Her claim that there is “too much tolerance of extremism” in our country, and her request for the public to help stamp it out, is bizarre. Who is she referring to as “tolerating extremism”? Who tolerates it? She’s blaming the people for the government’s failures. There is an extremely small amount of people in this country who “tolerate extremism”, and they’ll likely be extremists themselves. It’s rhetoric constructed to stoke a fire – to encourage people to see mosques as mysterious, clandestine headquarters – and her talking up of British values is deliberate too. Values is a loaded, messy term, when ascribed to or dictated simply by birth nation. Myself and Theresa May are both British but I think we’d agree that we our outlooks on life are radically different and that we don’t share the same “values”.
“The way terror is defined seems to have a lot to do with geography”
So what constitutes terror? The killing of “innocent, unarmed civilians”, as described by May herself? The way it’s defined seems to have a lot to do with geography.
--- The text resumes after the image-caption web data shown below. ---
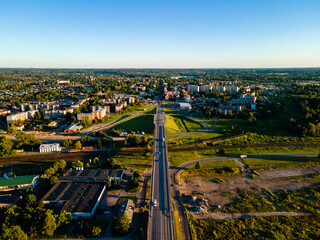 Aerial View of Bustling Cityscape with Roads Leading to the Heart of Rezekne, Latvia.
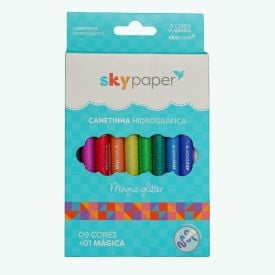 Canetinha Hidrográfica 9 Cores e 1 Mágica Skypaper - 10 Unidades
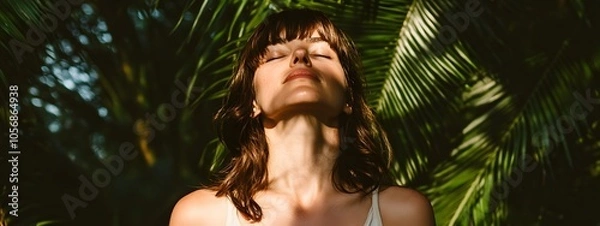 Fototapeta A woman with her eyes closed, smiling and standing in the sunlight of an outdoor setting surrounded by palm trees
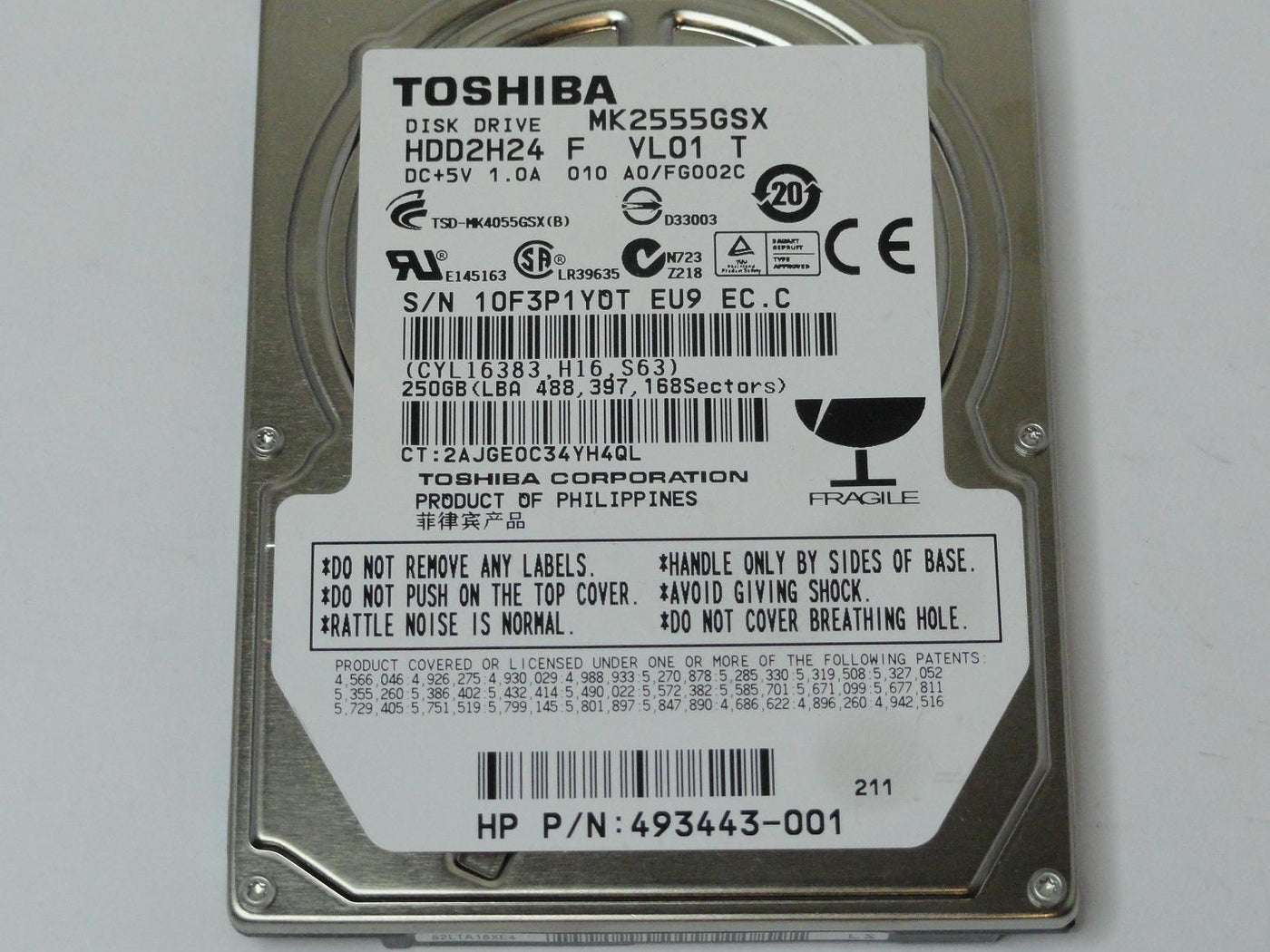 PR24865_HDD2H24_Toshiba HP 250GB SATA 5400rpm 2.5in HDD - Image3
As of March 2017, Britain’s arms deal with Saudi Arabia was worth ten times what we gave Yemen in aid, the country that the Saudis have helped to decimate, in what’s described by human rights groups as one of the worst humanitarian crises in the world, one that’s seen 10,000 civilians killed and 40,000 injured. I’d argue that constitutes terror. We’ve made £3.3billion from that war since 2015 and it’s not a stretch to imagine that some of the weaponry that we’ve sold to the Saudis has ended up in the hands of Isis. Tory members of Parliament have received up to £100,000 in gifts from the Saudis, a country that reserves the right to imprison homosexuals, with some calling for the death penalty. That’s terror, too.
The attack at London Bridge comes during a week where political campaigning has been bizarrely dominated by which political leader would or wouldn’t fire a nuclear weapon (those things that should never have been invented because the result of firing one is mass destruction and potential extinction). Foreign Secretary and conversational landmine Boris Johnson expressed disappointment that Jeremy Corbyn may not use nuclear weapons that cost £31 billion, as if it’s somehow a waste of money not to press the button on something that would cause the death of thousands.
In the absence of any genuine vision for this country, the Tories are relying on fear to convince the electorate, whether it be warheads or the war on terror. A glance at Theresa May’s Facebook page reveals a plethora of comments underneath her statement supporting the “shoot to kill” policy or imprisoning people without trial.
London is a beautiful, thrilling city, one that thrives because of its multiculturalism, not in spite of it. What happened at London Bridge was awful, but the Prime Minister’s determination to instantly start talking about controlling “cyberspace”, about ending “segregated communities”, about restricting freedom in a bid to create it, feels opportunistic at a time when London seems, for the most part, intent on sharing love. As someone said, “we have very little way to control vehicles and knives being used this way. We have a lot of control over how we react.”